◆ Problem description: In the listing below, start your output at the line with "cane_simona_quattro_Strade" and end it after the line with "Forme libre Cornaline", copying every line exactly.
### Exercise material ###
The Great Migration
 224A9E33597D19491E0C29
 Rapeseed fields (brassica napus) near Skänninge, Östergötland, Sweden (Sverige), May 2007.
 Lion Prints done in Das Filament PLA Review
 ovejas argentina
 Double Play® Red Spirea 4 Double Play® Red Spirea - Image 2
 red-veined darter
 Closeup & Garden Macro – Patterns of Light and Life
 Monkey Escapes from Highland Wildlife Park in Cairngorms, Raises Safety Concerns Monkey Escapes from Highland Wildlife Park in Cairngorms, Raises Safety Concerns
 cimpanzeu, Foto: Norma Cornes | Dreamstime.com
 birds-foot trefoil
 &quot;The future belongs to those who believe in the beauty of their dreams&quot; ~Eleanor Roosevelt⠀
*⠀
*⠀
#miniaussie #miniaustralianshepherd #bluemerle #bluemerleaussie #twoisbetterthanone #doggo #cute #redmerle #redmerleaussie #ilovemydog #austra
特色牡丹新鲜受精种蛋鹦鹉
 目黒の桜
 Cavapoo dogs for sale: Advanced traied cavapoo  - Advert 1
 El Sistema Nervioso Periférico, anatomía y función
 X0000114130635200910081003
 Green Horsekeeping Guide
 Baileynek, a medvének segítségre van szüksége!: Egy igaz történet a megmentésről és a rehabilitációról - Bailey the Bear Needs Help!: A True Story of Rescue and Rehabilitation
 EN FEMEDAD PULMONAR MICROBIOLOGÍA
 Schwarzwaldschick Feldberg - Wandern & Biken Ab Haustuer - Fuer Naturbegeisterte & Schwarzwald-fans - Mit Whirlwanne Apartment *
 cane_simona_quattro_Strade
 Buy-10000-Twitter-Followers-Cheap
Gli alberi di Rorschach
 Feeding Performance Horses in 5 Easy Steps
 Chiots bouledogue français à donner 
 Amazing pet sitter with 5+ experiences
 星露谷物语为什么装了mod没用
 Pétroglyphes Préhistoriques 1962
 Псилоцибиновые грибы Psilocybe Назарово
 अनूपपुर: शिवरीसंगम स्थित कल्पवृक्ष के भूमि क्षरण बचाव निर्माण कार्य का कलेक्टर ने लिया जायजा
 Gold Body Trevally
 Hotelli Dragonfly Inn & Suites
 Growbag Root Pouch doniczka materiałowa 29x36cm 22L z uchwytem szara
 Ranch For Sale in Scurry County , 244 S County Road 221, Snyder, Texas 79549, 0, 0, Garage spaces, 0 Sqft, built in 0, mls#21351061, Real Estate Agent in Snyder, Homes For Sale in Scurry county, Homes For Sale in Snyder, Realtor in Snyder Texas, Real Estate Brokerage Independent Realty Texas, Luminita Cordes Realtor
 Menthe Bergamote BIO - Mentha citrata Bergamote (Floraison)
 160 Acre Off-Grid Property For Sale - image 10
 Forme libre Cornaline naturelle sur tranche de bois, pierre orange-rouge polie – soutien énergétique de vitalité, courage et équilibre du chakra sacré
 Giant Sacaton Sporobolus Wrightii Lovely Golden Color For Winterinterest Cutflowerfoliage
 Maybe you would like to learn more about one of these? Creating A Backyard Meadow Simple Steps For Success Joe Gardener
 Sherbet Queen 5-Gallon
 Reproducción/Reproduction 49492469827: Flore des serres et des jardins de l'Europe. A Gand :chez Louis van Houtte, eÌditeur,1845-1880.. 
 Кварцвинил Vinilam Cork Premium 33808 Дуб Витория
###
◆ Written solution:
 cane_simona_quattro_Strade
 Buy-10000-Twitter-Followers-Cheap
Gli alberi di Rorschach
 Feeding Performance Horses in 5 Easy Steps
 Chiots bouledogue français à donner 
 Amazing pet sitter with 5+ experiences
 星露谷物语为什么装了mod没用
 Pétroglyphes Préhistoriques 1962
 Псилоцибиновые грибы Psilocybe Назарово
 अनूपपुर: शिवरीसंगम स्थित कल्पवृक्ष के भूमि क्षरण बचाव निर्माण कार्य का कलेक्टर ने लिया जायजा
 Gold Body Trevally
 Hotelli Dragonfly Inn & Suites
 Growbag Root Pouch doniczka materiałowa 29x36cm 22L z uchwytem szara
 Ranch For Sale in Scurry County , 244 S County Road 221, Snyder, Texas 79549, 0, 0, Garage spaces, 0 Sqft, built in 0, mls#21351061, Real Estate Agent in Snyder, Homes For Sale in Scurry county, Homes For Sale in Snyder, Realtor in Snyder Texas, Real Estate Brokerage Independent Realty Texas, Luminita Cordes Realtor
 Menthe Bergamote BIO - Mentha citrata Bergamote (Floraison)
 160 Acre Off-Grid Property For Sale - image 10
 Forme libre Cornaline naturelle sur tranche de bois, pierre orange-rouge polie – soutien énergétique de vitalité, courage et équilibre du chakra sacré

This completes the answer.